=== Data extracts ===

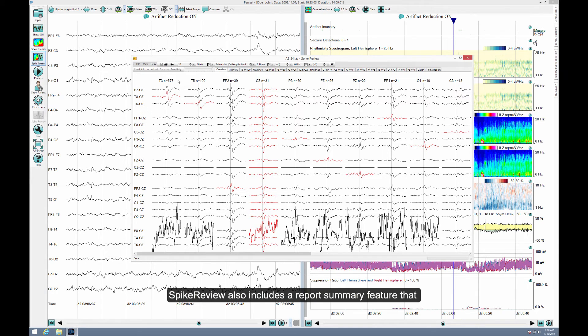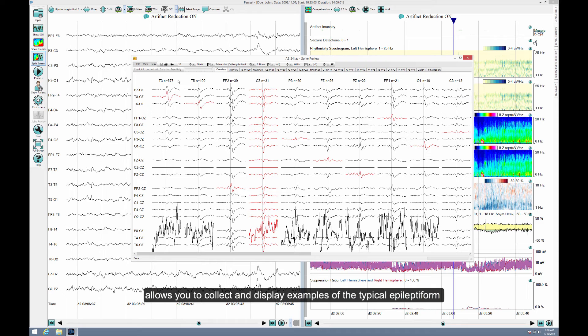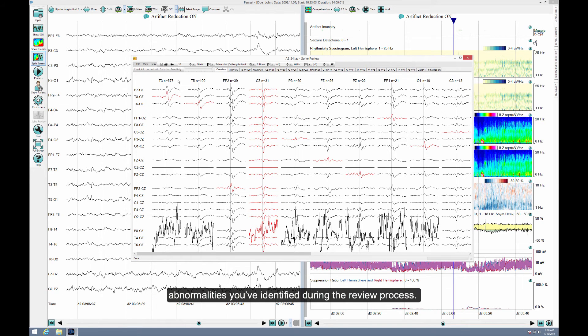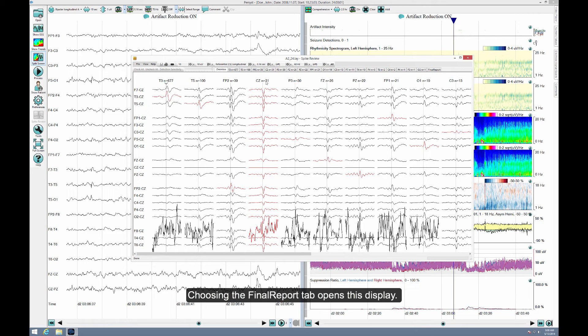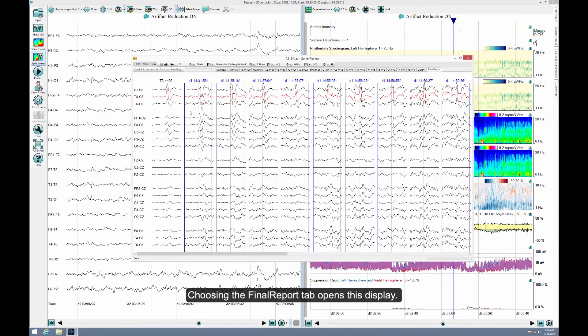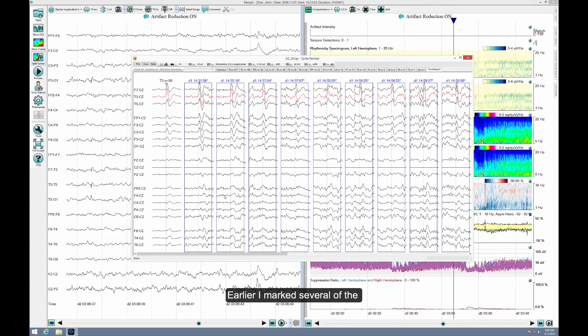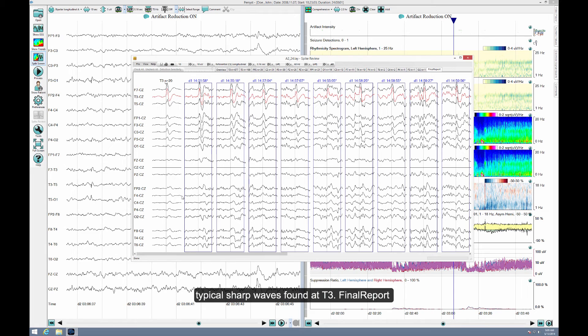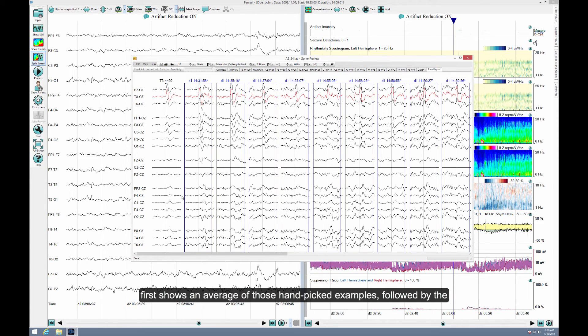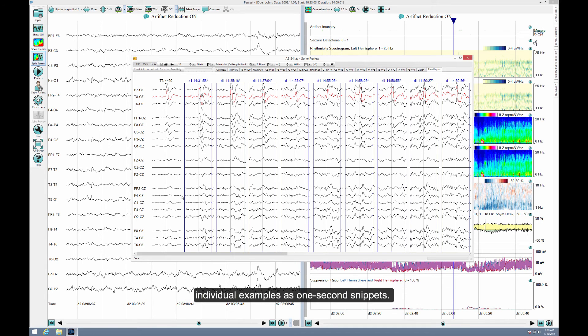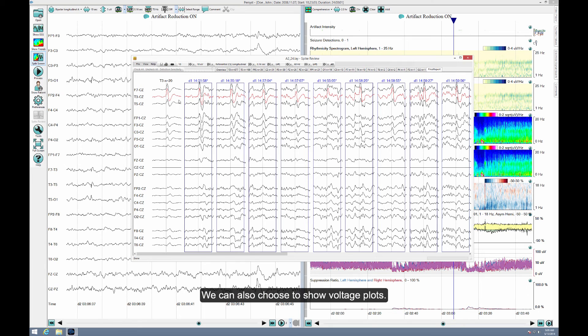Spike review also includes a report summary feature that allows you to collect and display examples of the typical epileptiform abnormalities you've identified during the review process. Choosing the final report tab opens this display. Earlier I marked several of the typical sharp waves found at T3. Final report first shows an average of those hand-picked examples, followed by the individual examples as one-second snippets. We can also choose to show voltage plots.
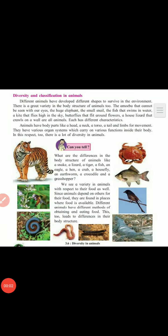Good morning dear students. Today we are going to learn about the diversity and classification in animals. In the last video we finished the diversity in plants and their classification.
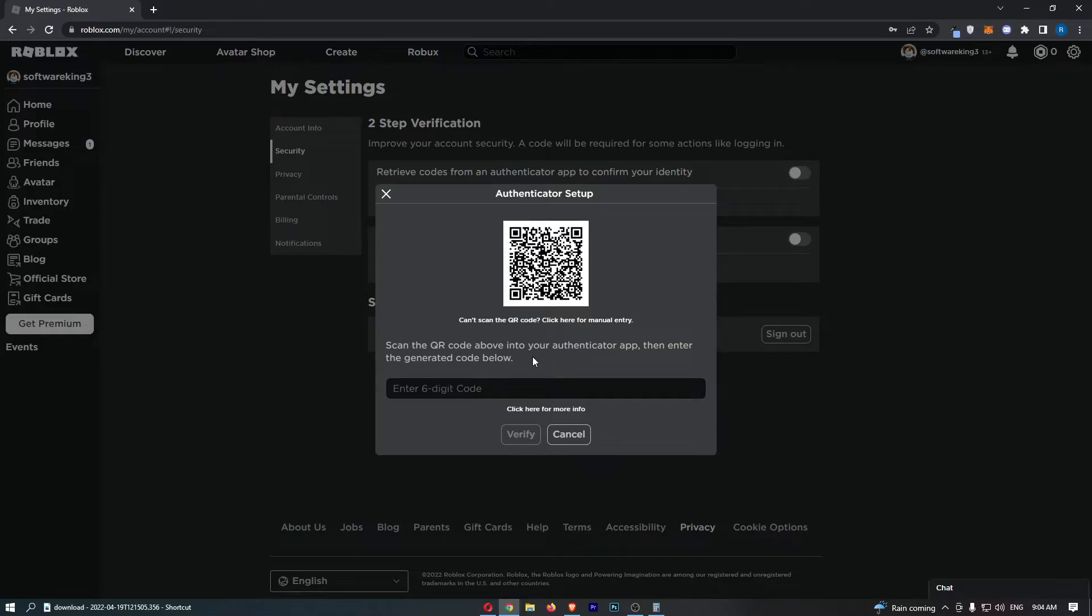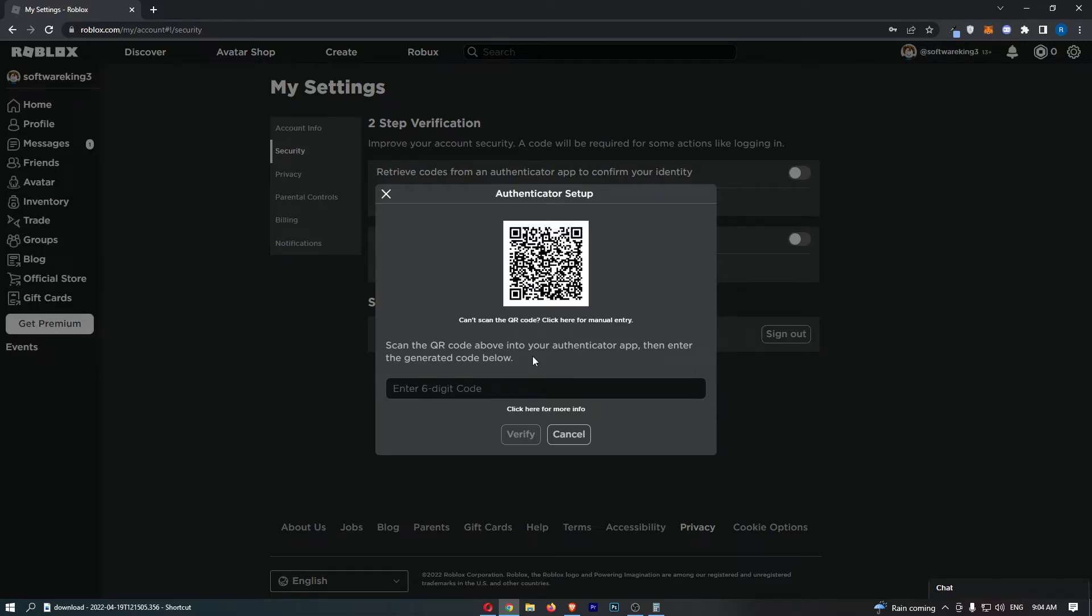All you need to do once Google Authenticator has loaded up is scan in this QR code right here, just like this. And then you should be able to see a code for Roblox.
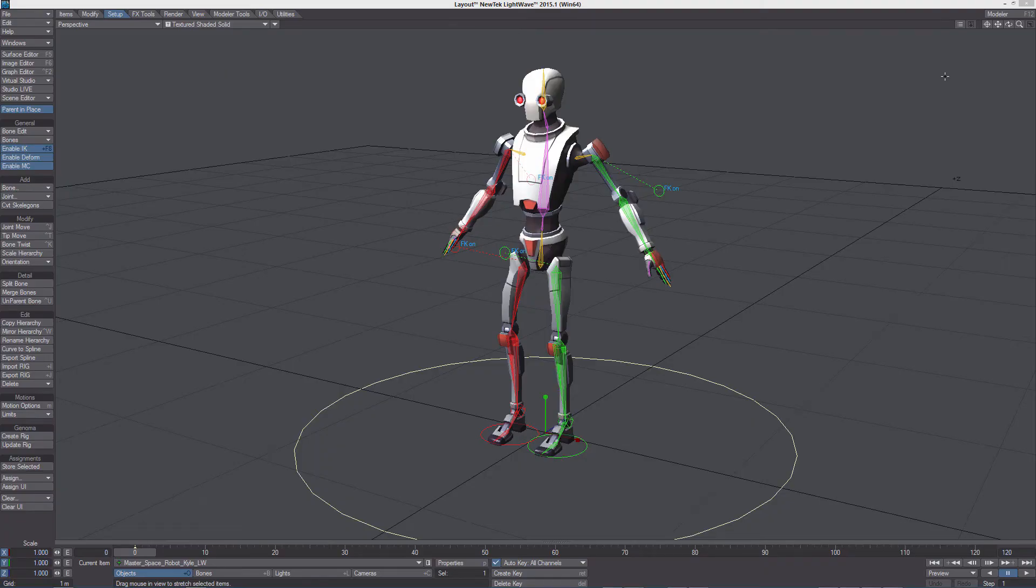So let's take a look at how we should set up the deformations in LightWave so they look good in Unity as well.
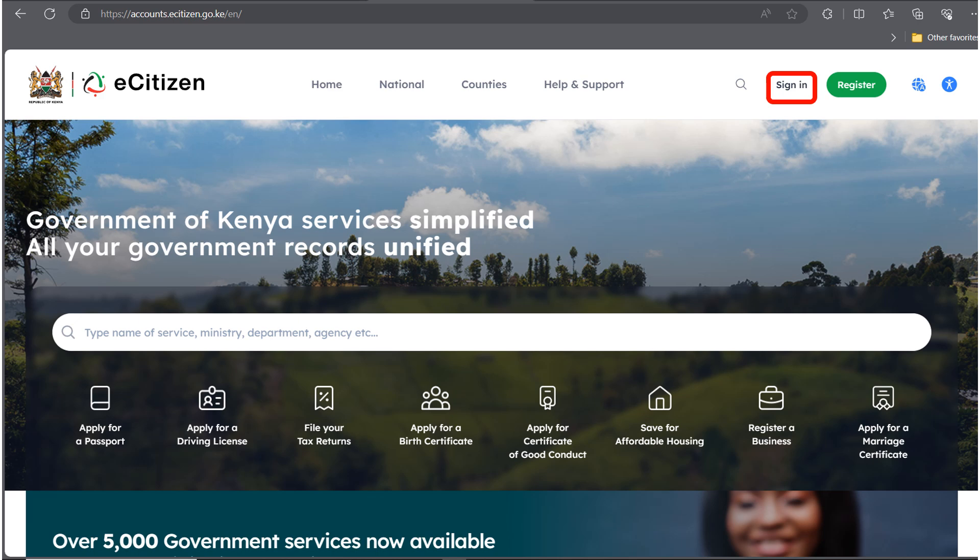Hello guys, welcome to the Future Internet Cafe. My name is Catherine and in today's video we are going to look at how to link your business on BRS. Please note that all businesses registered before the year 2016 need to be linked on the BRS portal.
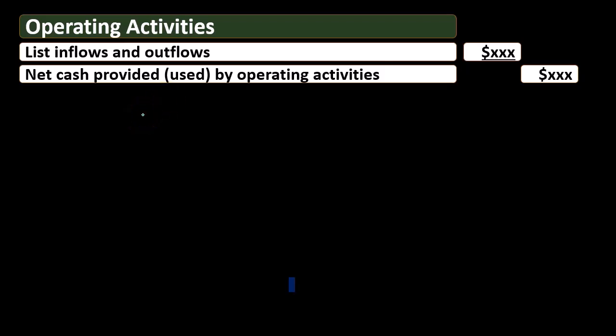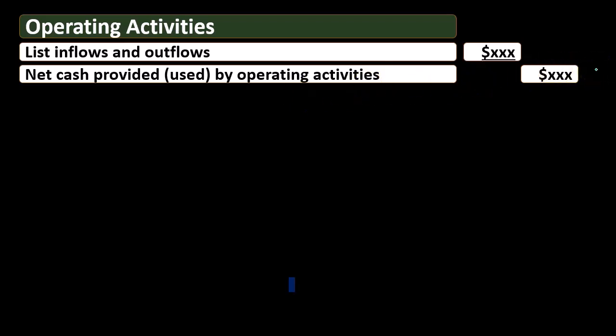Operating activities is where most of the information should be, because it is similar to an income statement that has been converted from an accrual basis to a cash basis. Net cash provided by operating activities is essentially net income on a cash basis. Since this is an activity statement reporting over time, it is similar to the income statement, and most of the activity should appear here.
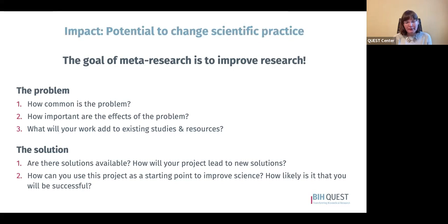You also want to consider how you can use your project idea as a starting point to improve research culture and practice, and how likely it is that you will be successful. What partners or stakeholder groups might you need to work with for your solution to work? Depending on the nature of your project, this might include research institutions or departments, publishers and editors, funders, scientific societies, or other individuals and organizations in the broader research community.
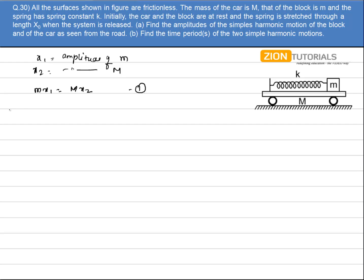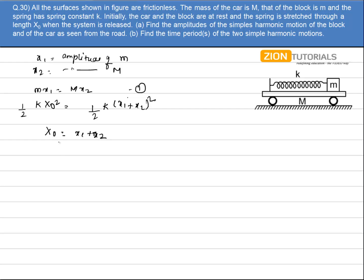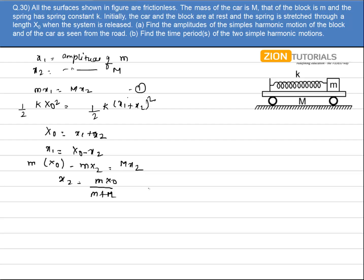The second equation is energy conservation: the spring is stretched by a distance x0, so this energy is distributed among small m and capital M. We can write half·k·(x1 + x2)² , which gives x0 = x1 + x2. Substituting x1 = x0 − x2 into the first equation: m·(x0 − x2) = M·x2. So x2 = m·x0/(m + M) and x1 = M·x0/(m + M). This is the answer for the first part.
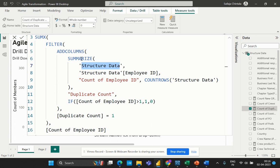To summarize: I'm using the SUMMARIZE DAX function where the syntax is the table name — which is 'structure data' — followed by the column name which is employee ID. I'm evaluating the count of rows within the entire table and that result is stored as count of employee ID. The output is two separate columns: employee ID and count of employee ID.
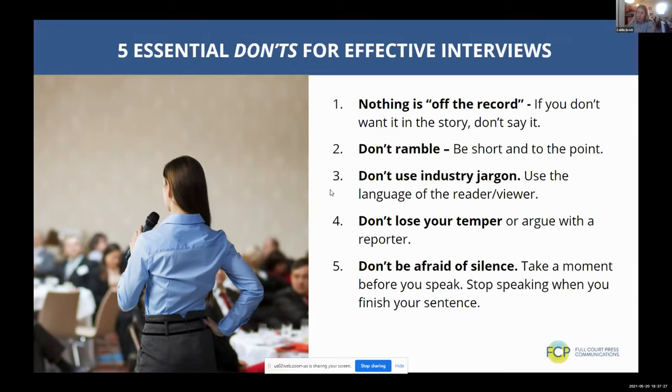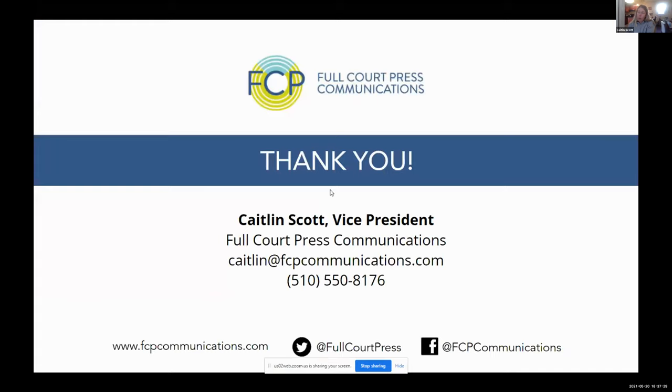That is the end of my presentation and I'm happy to take any questions about op-eds, LTEs, media relations, or communications in general.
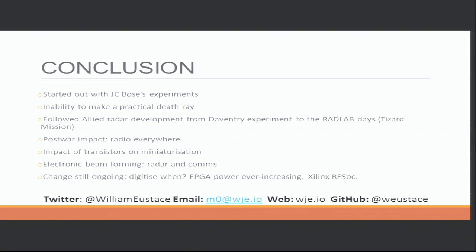Thank you very much for your patience and bearing with me through my incompetence with the various audio techniques involved in public speaking. Thank you for listening.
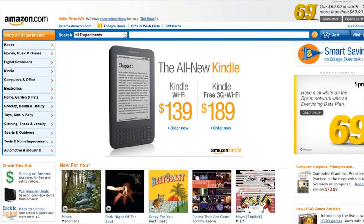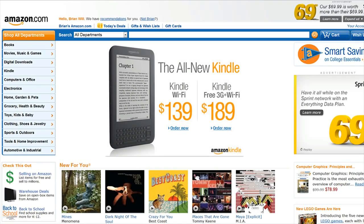Here, for example, is Amazon's website. When I visited this website, I logged in with my username and password, and so you can see up in the top left of the page it says 'Hello, Brian Will.' It has my name. Obviously no one hard-coded my name into the web page; it was dynamically inserted into the page by the web server.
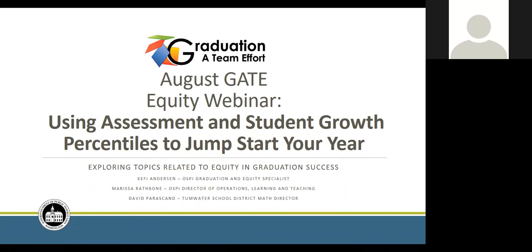Thank you for joining us for the August 8th Equity Webinar, where we explore topics related to equity and graduation success. This webinar will be recorded and we're working on our process for making our webinars ADA compliant, so stay tuned for recordings. The PowerPoint was emailed out to you this morning if you want to follow along. Please direct questions into the Q&A. I'm Kethi Anderson, OSPI Graduation and Equity Specialist, and today's topic is using assessment and student growth percentiles to jumpstart your year.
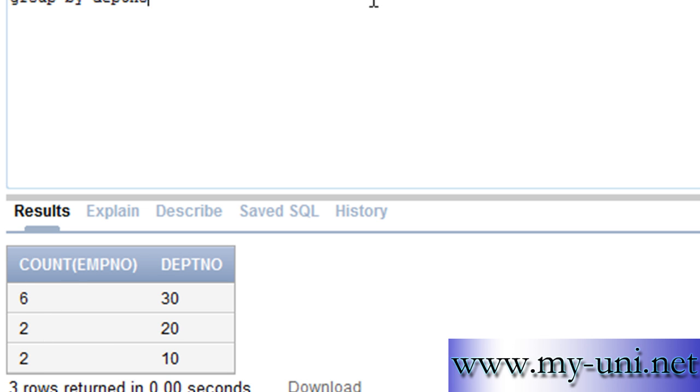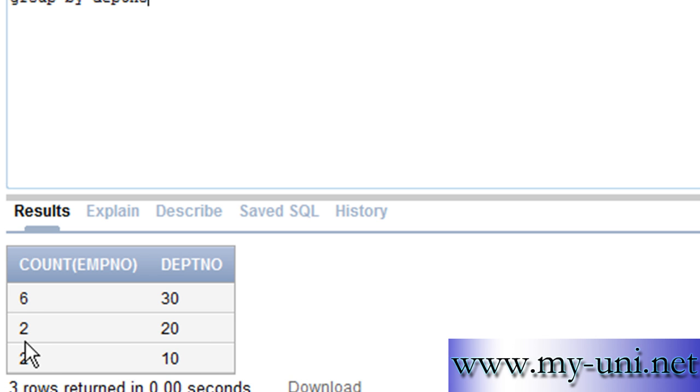in 1981 by each department. Department number 30 hired six employees during 1981, department number 20 hired two, and department number 10 hired two. Thank you very much.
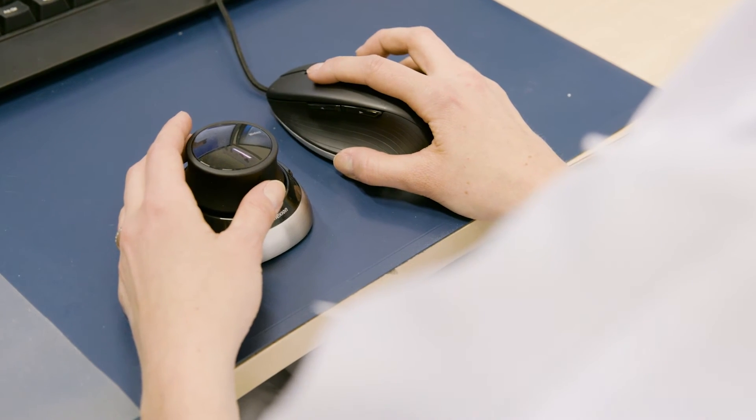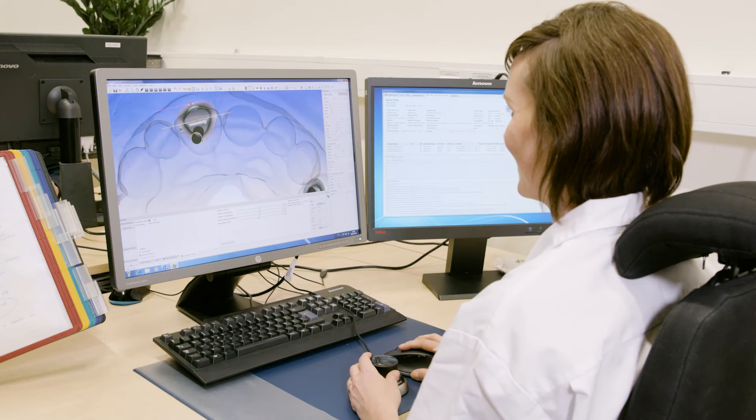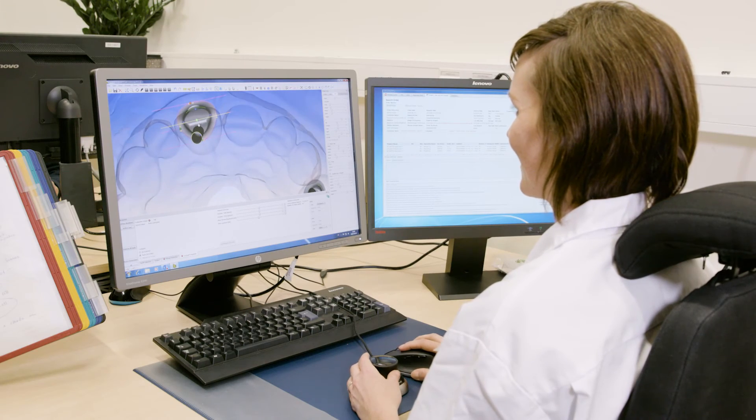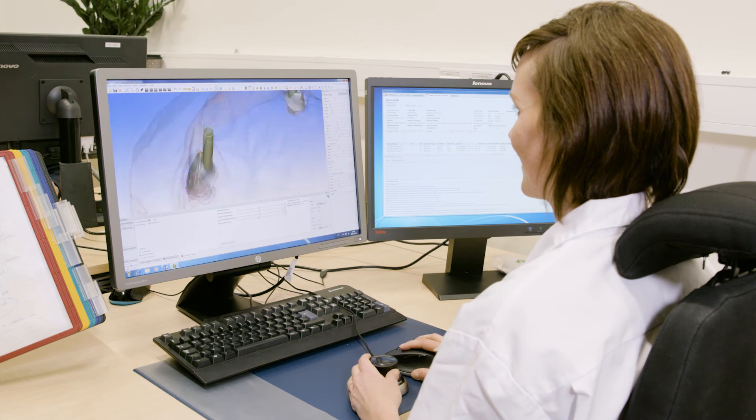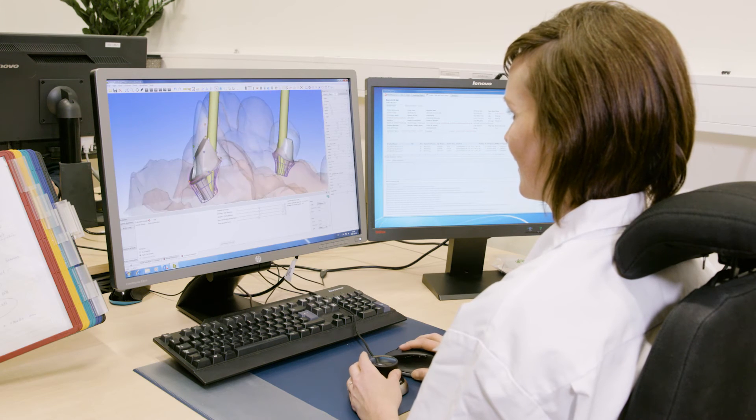We are very happy that we have software which is facilitating this approach by designing on the computer. In the final result, we have a good nature-like restoration starting from the transition zone and then ending in the crown.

===

Exercise brief:
All of the entries above must be reproduced exactly, and no image may be included.

Written answer:
Spike review also includes a report summary feature that allows you to collect and display examples of the typical epileptiform abnormalities you've identified during the review process. Choosing the final report tab opens this display. Earlier I marked several of the typical sharp waves found at T3. Final report first shows an average of those hand-picked examples, followed by the individual examples as one-second snippets. We can also choose to show voltage plots.
Good morning dear students. Today we are going to learn about the diversity and classification in animals. In the last video we finished the diversity in plants and their classification.
All you need to do once Google Authenticator has loaded up is scan in this QR code right here, just like this. And then you should be able to see a code for Roblox.
So let's take a look at how we should set up the deformations in LightWave so they look good in Unity as well.
Hello guys, welcome to the Future Internet Cafe. My name is Catherine and in today's video we are going to look at how to link your business on BRS. Please note that all businesses registered before the year 2016 need to be linked on the BRS portal.
Operating activities is where most of the information should be, because it is similar to an income statement that has been converted from an accrual basis to a cash basis. Net cash provided by operating activities is essentially net income on a cash basis. Since this is an activity statement reporting over time, it is similar to the income statement, and most of the activity should appear here.
You also want to consider how you can use your project idea as a starting point to improve research culture and practice, and how likely it is that you will be successful. What partners or stakeholder groups might you need to work with for your solution to work? Depending on the nature of your project, this might include research institutions or departments, publishers and editors, funders, scientific societies, or other individuals and organizations in the broader research community.
The second equation is energy conservation: the spring is stretched by a distance x0, so this energy is distributed among small m and capital M. We can write half·k·(x1 + x2)² , which gives x0 = x1 + x2. Substituting x1 = x0 − x2 into the first equation: m·(x0 − x2) = M·x2. So x2 = m·x0/(m + M) and x1 = M·x0/(m + M). This is the answer for the first part.
To summarize: I'm using the SUMMARIZE DAX function where the syntax is the table name — which is 'structure data' — followed by the column name which is employee ID. I'm evaluating the count of rows within the entire table and that result is stored as count of employee ID. The output is two separate columns: employee ID and count of employee ID.
That is the end of my presentation and I'm happy to take any questions about op-eds, LTEs, media relations, or communications in general.
Thank you very much for your patience and bearing with me through my incompetence with the various audio techniques involved in public speaking. Thank you for listening.
Here, for example, is Amazon's website. When I visited this website, I logged in with my username and password, and so you can see up in the top left of the page it says 'Hello, Brian Will.' It has my name. Obviously no one hard-coded my name into the web page; it was dynamically inserted into the page by the web server.
Thank you for joining us for the August 8th Equity Webinar, where we explore topics related to equity and graduation success. This webinar will be recorded and we're working on our process for making our webinars ADA compliant, so stay tuned for recordings. The PowerPoint was emailed out to you this morning if you want to follow along. Please direct questions into the Q&A. I'm Kethi Anderson, OSPI Graduation and Equity Specialist, and today's topic is using assessment and student growth percentiles to jumpstart your year.
in 1981 by each department. Department number 30 hired six employees during 1981, department number 20 hired two, and department number 10 hired two. Thank you very much.
We are very happy that we have software which is facilitating this approach by designing on the computer. In the final result, we have a good nature-like restoration starting from the transition zone and then ending in the crown.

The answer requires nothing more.